───── EXERCISE MATERIALS ─────
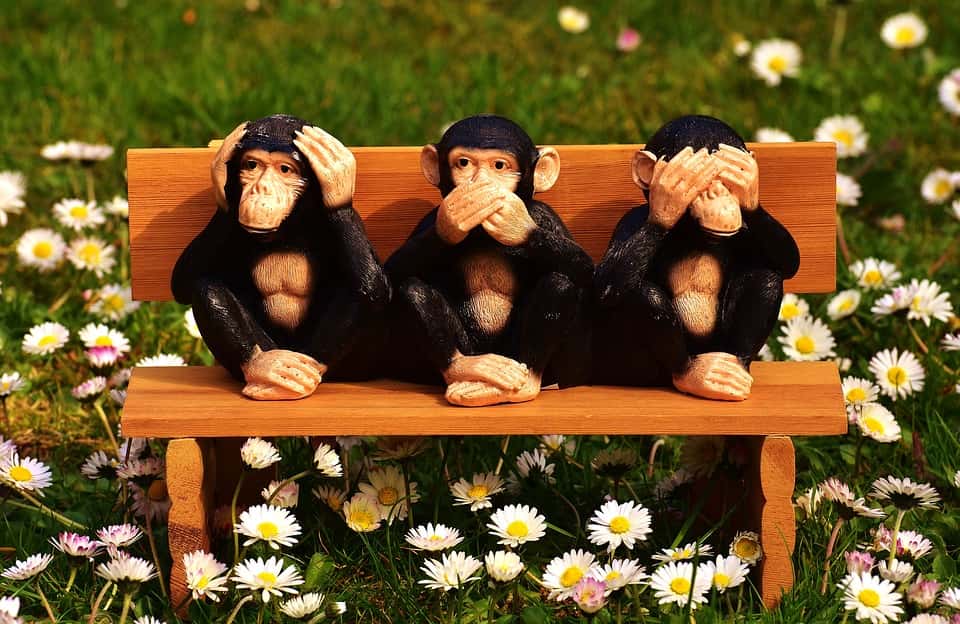 Do Not Speak Bank Not Hear Sit Ape Not See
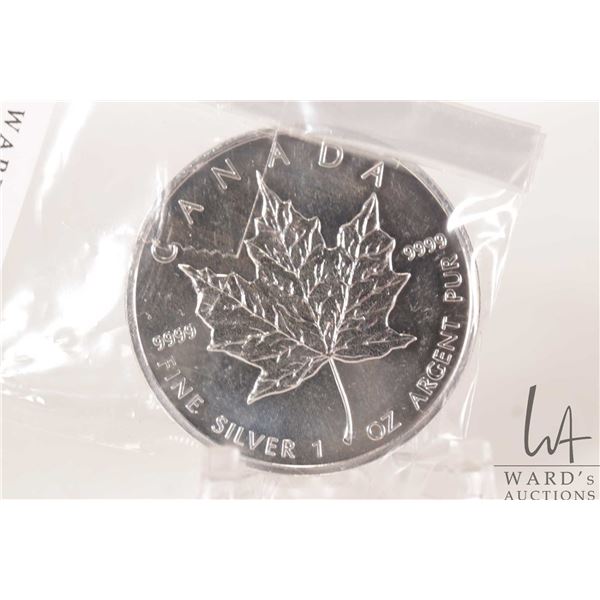 2013 Canadian five dollar .9999 fine silver maple leaf coin. (31.10 grams of .9999 silver)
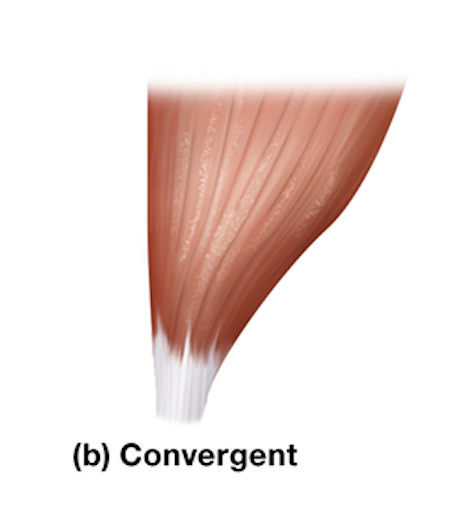 <p>broad at one end and uniformly tapers to a single tendon</p><p>ex: pectoralis major muscle in the chest</p>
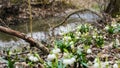 The first spring snowflake flowers also called loddon lily or leucojum vernum on the river bank. Spring blooming flowers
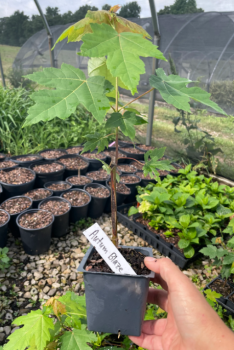 Autumn Blaze Maple Tree in a 3.5″ Pot—Ready for Planting!!!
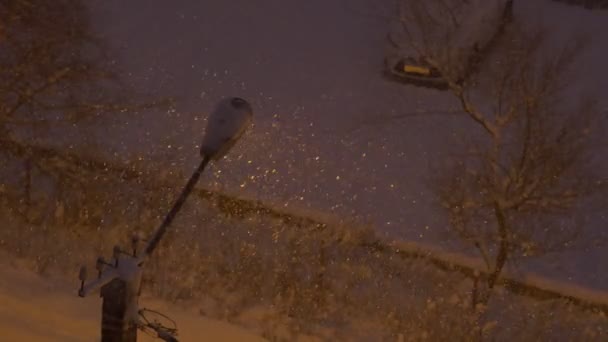 Schnee Der Nachts Auf Dem Hintergrund Von Straßenlaternen Der Stadt — Stockvideo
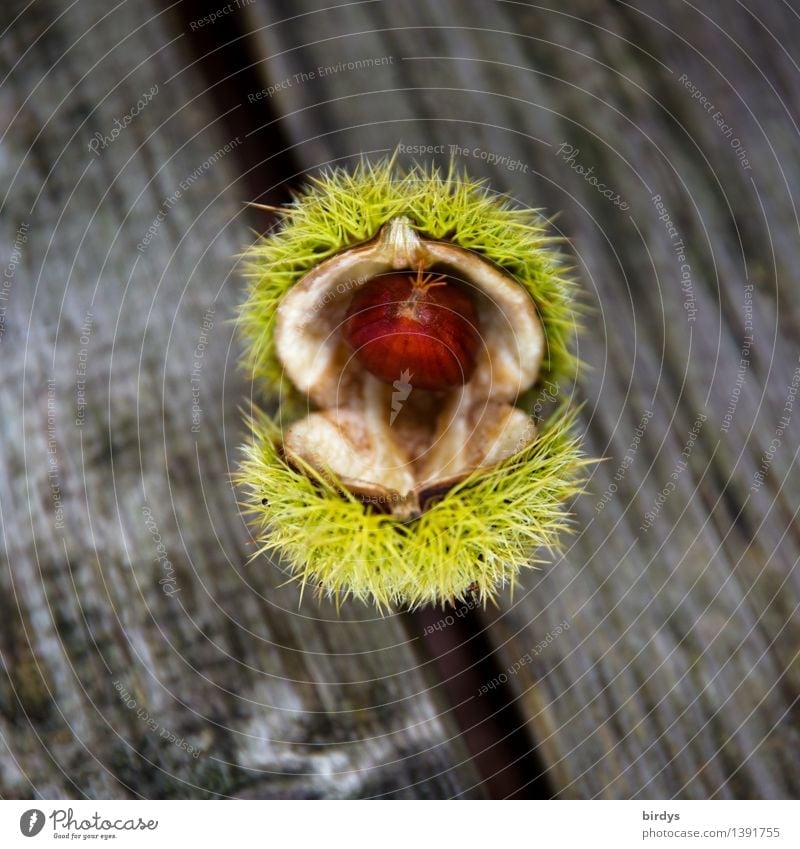 well-developed Food Fruit Sweet chestnut Seed head Nutrition Organic produce Plant Autumn Wild plant Wood Esthetic Natural Positive Thorny Brown Yellow Gray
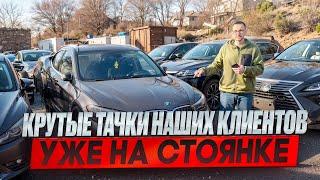 ОБЗОР СТОЯНКИ. НОЯБРЬ 2024 - ЦЕНЫ! Volvo, Toyota, BMW, KIA, Porcshe и другие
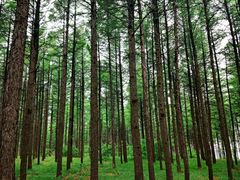 -塞罕坝国家级自然保护区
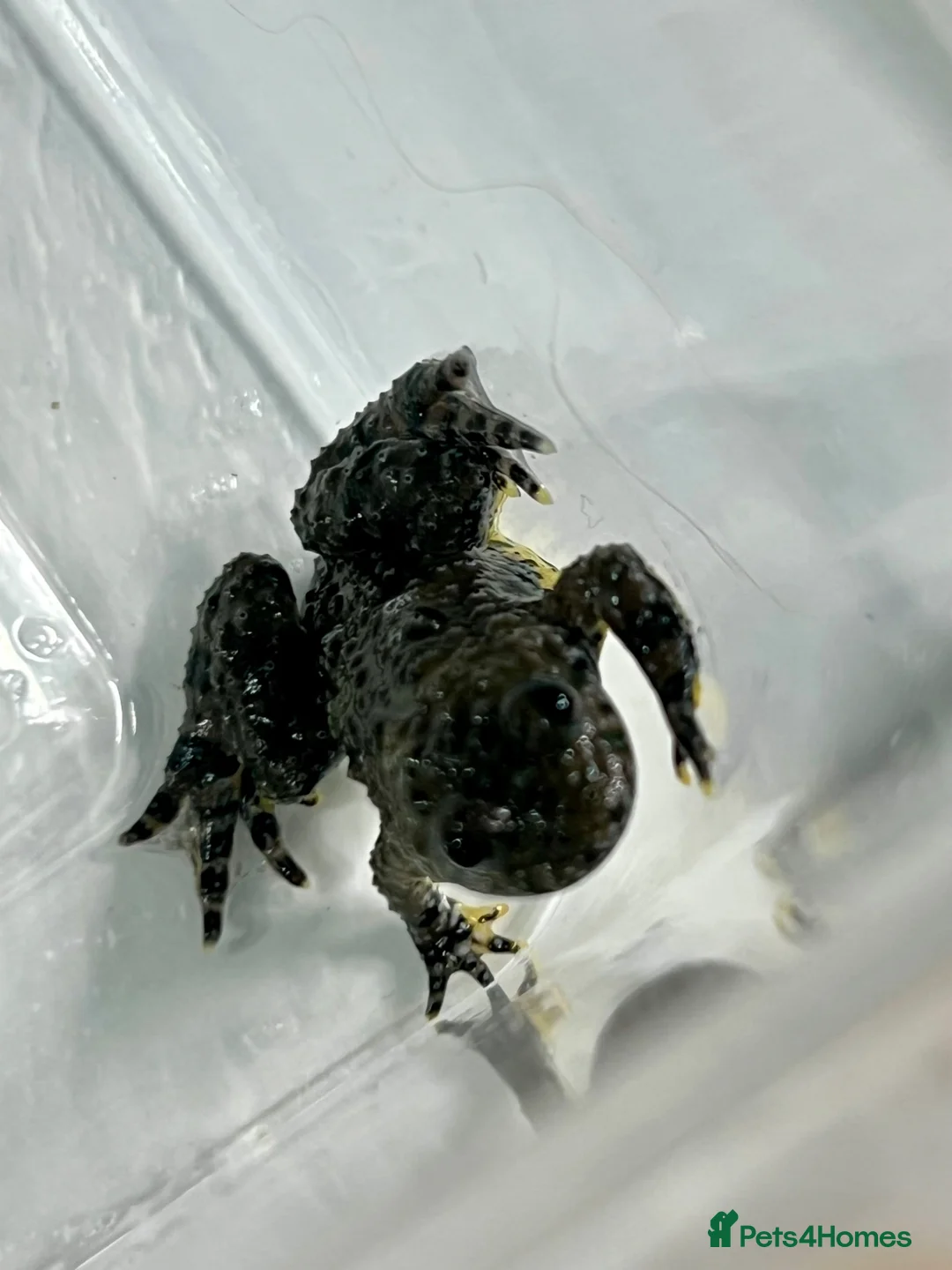Toad reptiles for sale: “Bombina variegata” Toads - Advert 5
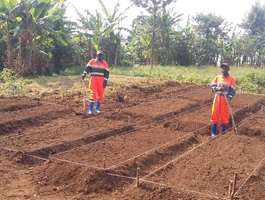 Reboisement à Mwenga Reboisement à Mwenga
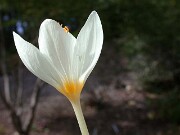 Crocus boryi 0005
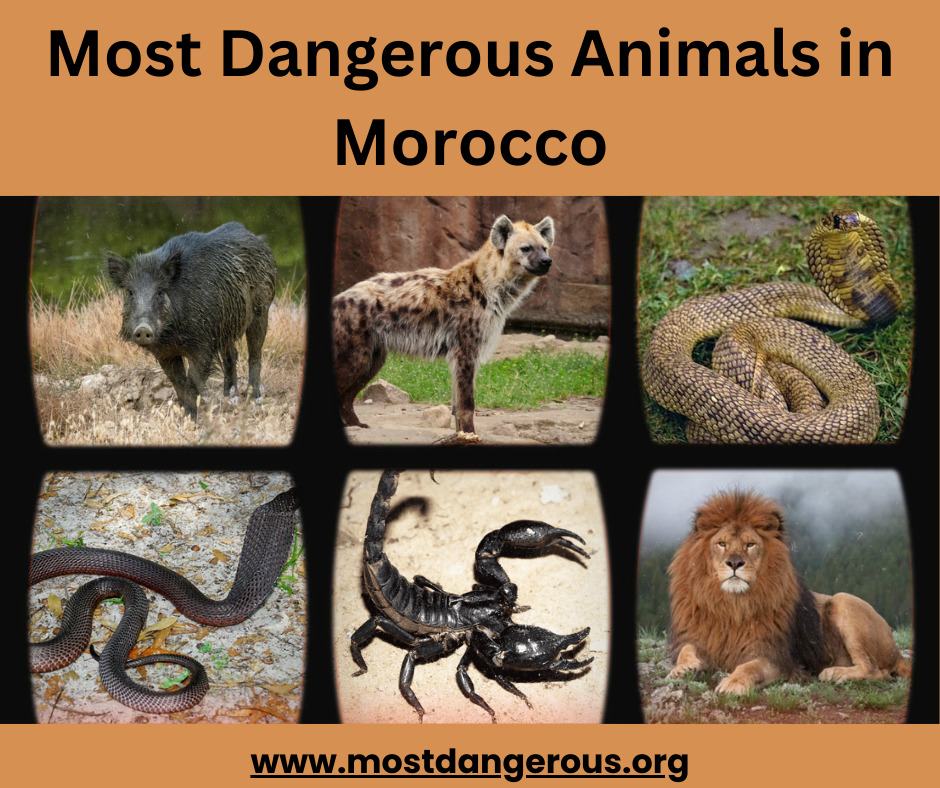 An Infographic Showing Some of the Most Dangerous Animals in Morocco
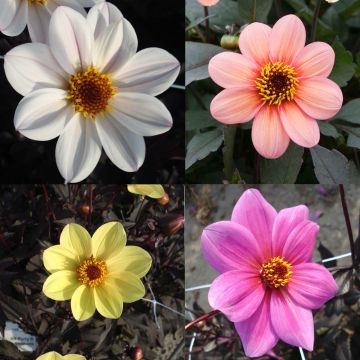 Happy Single Dahlias Collection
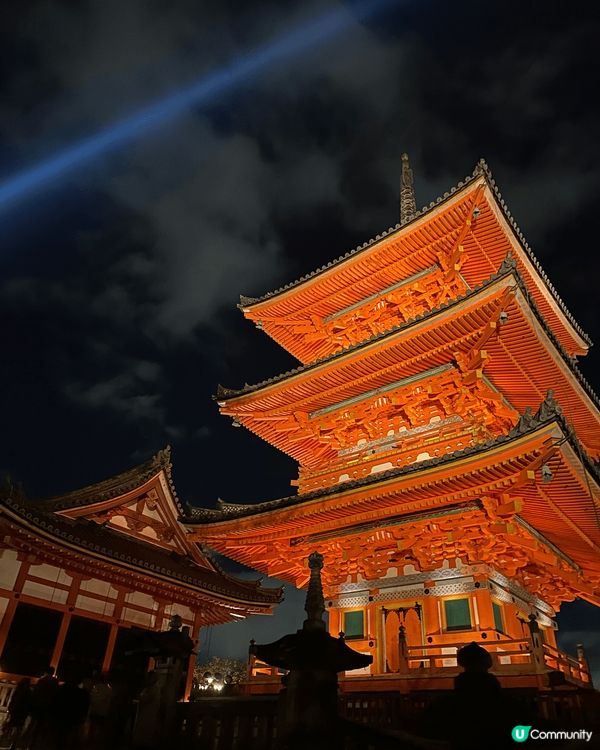 京都清水寺平時只係日間開放，但每年紅葉季節(大約11月尾)都...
─────
Copy exactly the lines that run from the one containing "ОБЗОР СТОЯНКИ. НОЯБРЬ" to the last line of the records, both included, and leave out every picture.

 ОБЗОР СТОЯНКИ. НОЯБРЬ 2024 - ЦЕНЫ! Volvo, Toyota, BMW, KIA, Porcshe и другие
 -塞罕坝国家级自然保护区
Toad reptiles for sale: “Bombina variegata” Toads - Advert 5
 Reboisement à Mwenga Reboisement à Mwenga
 Crocus boryi 0005
 An Infographic Showing Some of the Most Dangerous Animals in Morocco
 Happy Single Dahlias Collection
 京都清水寺平時只係日間開放，但每年紅葉季節(大約11月尾)都...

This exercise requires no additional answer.